Are you proposing modifications to namedtuple? Currently the returned type is mutable, but AFAIK for the examples to work it would need to be changed to not be. That would be a breaking changing. Making it freezable shouldn’t be an issue, but that’s not what is currently described in the PEP. Also, IIRC I have seen people modifying the returned type in real code. (also, for parity, anything that applies to namedtuple should also apply for NamedTuple if possible)

I didn’t check the other types in the stdlib list, there may be others as well.


The two example classes in “escape hatches” sections (Cell and PrimeFactoriser) are neither marked as freezable nor are explicitly frozen within the examples. I suspect this was a simple mistake, but that IMO can cause confusion.


Maybe I missed it, but was is the motivation for providing the Proxy option for modules? The random module is IMO poor example: IMO it shouldn’t be used directly by properly written code that is meant to be shared, each execution environment should create it’s own Random object locally.


Is there a good reason/precedence for violating PEP8 by naming the Constants like Yes, No in Titlecase instead of SCREAMINGCASE? On my first reading I thought immutable.Proxy was some kind of class.


I think interaction with typing, ABC and enum can’t be postponed to a later python versions, although I guess this could be hashed out after the PEP itself lands since none of those seem like unsolvable issues.

No we are not. A named tuple is shallow immutable today and if the items in a named tuple are all deeply immutable, then so is the named tuple.

Good catch! We have been going back and forth about the defaults for various things and forgot to change these examples to align with the current defaults. I’ll update this. Thanks!

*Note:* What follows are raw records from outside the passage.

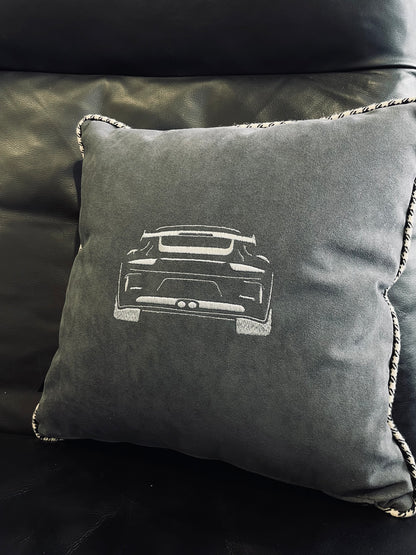 Kissen - Dein Auto. Dein Kissen.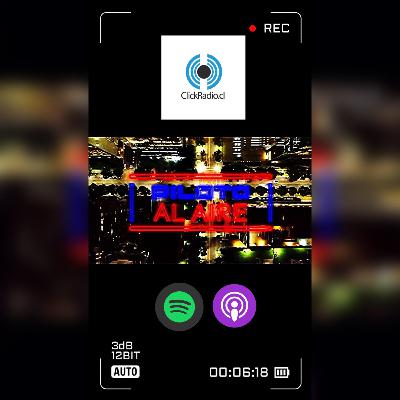 "Piloto Al Aire". Debut por ClickRadio.cl. Todos los Viernes 23 hrs. "Piloto Al Aire". Debut por ClickRadio.cl. Todos los Viernes 23 hrs.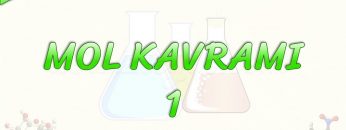 MOL KAVRAMI – 1
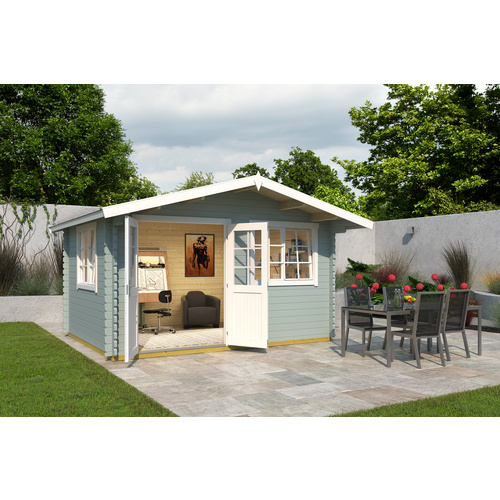 WEKA Gartenhaus »401«, BxT: 444,6 x 39...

The main motivation is that it simplifies refactoring code to use immutability by treating code whose function objects capture module objects the same as code whose function objects dynamically import module objects. (I personally disagree about random — I think it is a good example of a simple module that needs mutable state and it highlights a challenge for immutability in Python.)

No — thanks for pointing that out!

But it’s type isn’t:

Person = namedtuple('Person', 'name')
p = Person('Tobias')
Person.foo = "bar"
print(p.foo) # succeeds

Unless I am missing something, this is an issue.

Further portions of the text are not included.